Hacker News new | ask | show | jobs
by robmay 5248 days ago
I have a lot of experience here because a) in 2005 I started something called "The Business Experiment" which was an attempt to have a purely crowd sourced business. (http://www.fastcompany.com/magazine/101/next-essay.html) At the time, I spent a lot of my own money on lawyers trying to figure out how to give equity to people who aren't accredited investors.

b)I have since raised $10.5M in venture capital for Backupify.com, so I have also learned that side of the world.

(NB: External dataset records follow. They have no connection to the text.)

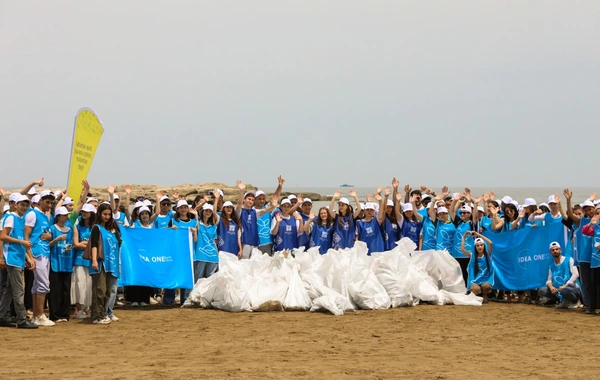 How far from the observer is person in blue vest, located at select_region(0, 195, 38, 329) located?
9.59 metres

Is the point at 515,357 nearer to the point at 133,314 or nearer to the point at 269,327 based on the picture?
the point at 269,327

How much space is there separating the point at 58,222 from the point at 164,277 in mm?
2258

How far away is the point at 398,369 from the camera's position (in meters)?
7.44

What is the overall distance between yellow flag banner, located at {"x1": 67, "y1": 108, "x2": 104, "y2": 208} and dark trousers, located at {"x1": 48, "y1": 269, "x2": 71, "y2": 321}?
1.57m

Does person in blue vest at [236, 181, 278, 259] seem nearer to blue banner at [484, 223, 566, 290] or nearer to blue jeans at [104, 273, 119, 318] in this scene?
blue jeans at [104, 273, 119, 318]

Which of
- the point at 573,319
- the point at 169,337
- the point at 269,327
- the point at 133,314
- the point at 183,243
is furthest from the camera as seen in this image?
the point at 183,243

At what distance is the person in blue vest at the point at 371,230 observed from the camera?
13.0m

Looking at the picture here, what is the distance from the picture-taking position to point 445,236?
43.0ft

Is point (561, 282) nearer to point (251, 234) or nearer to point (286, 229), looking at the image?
point (286, 229)

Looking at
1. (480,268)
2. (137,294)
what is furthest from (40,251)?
(480,268)

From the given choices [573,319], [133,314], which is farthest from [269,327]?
[573,319]

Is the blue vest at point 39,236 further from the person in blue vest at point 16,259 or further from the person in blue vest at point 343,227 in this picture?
the person in blue vest at point 343,227

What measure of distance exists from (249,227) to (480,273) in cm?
411

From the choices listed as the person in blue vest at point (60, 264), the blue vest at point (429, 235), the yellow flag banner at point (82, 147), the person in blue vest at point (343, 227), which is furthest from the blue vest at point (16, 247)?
the blue vest at point (429, 235) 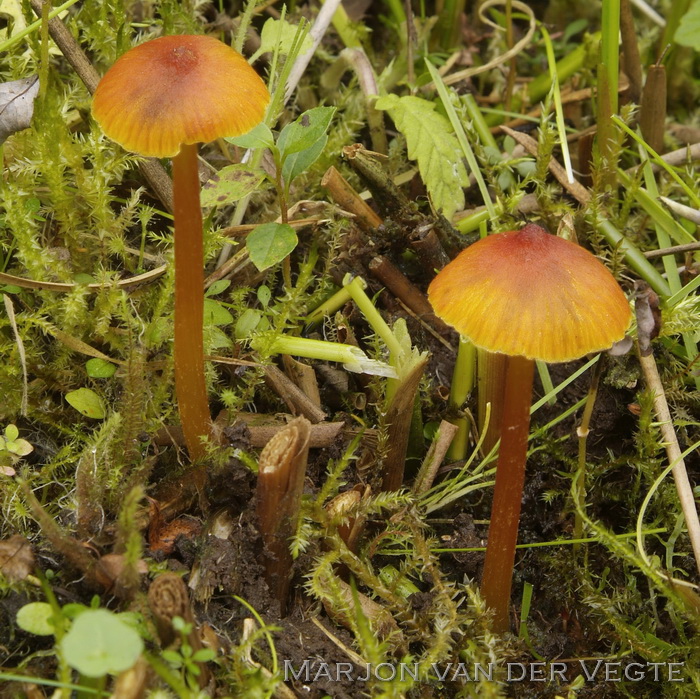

From my view, allowing anybody to invest a few hundred or a few thousand dollars in a startup is a bad idea for a few reasons. First of all, the startup world is glamorized by the media. Most startups fail. Most capital is erased. No one writes about those companies, unless the failure is spectacular. Studies have shown that on average, entrepreneurs will do better financially in the "real world" of work than in startups. But the media doesn't play this up, and as a result, society has a bias that is a combination of the survivorship bias and recency bias that makes them think startups are a good investment. Many wealthy people that I have dealt with don't really understand the odds and risks of startups, so all the less likely that your average Joe can do it.

Secondly, capital structure matters a lot as your company grows. If you are successful, a bad capital structure can really fuck you over down the road when you need bigger rounds. And some issues require a shareholder vote. Average Joe doesn't know how to deal with these issues, and that scares professional investors. An idea like this will get a lot of companies seed capital, and they won't be able to raise later stage.

Third point - startups are really fucking hard, and will strain all of your relationships in your life, including those with your investors. Hell, Backupify is doing pretty well and it's still hard. Having to manage a bunch of small investors can be a nightmare, and going through difficult times with people you barely know, who don't do this professionally, will just make it worse.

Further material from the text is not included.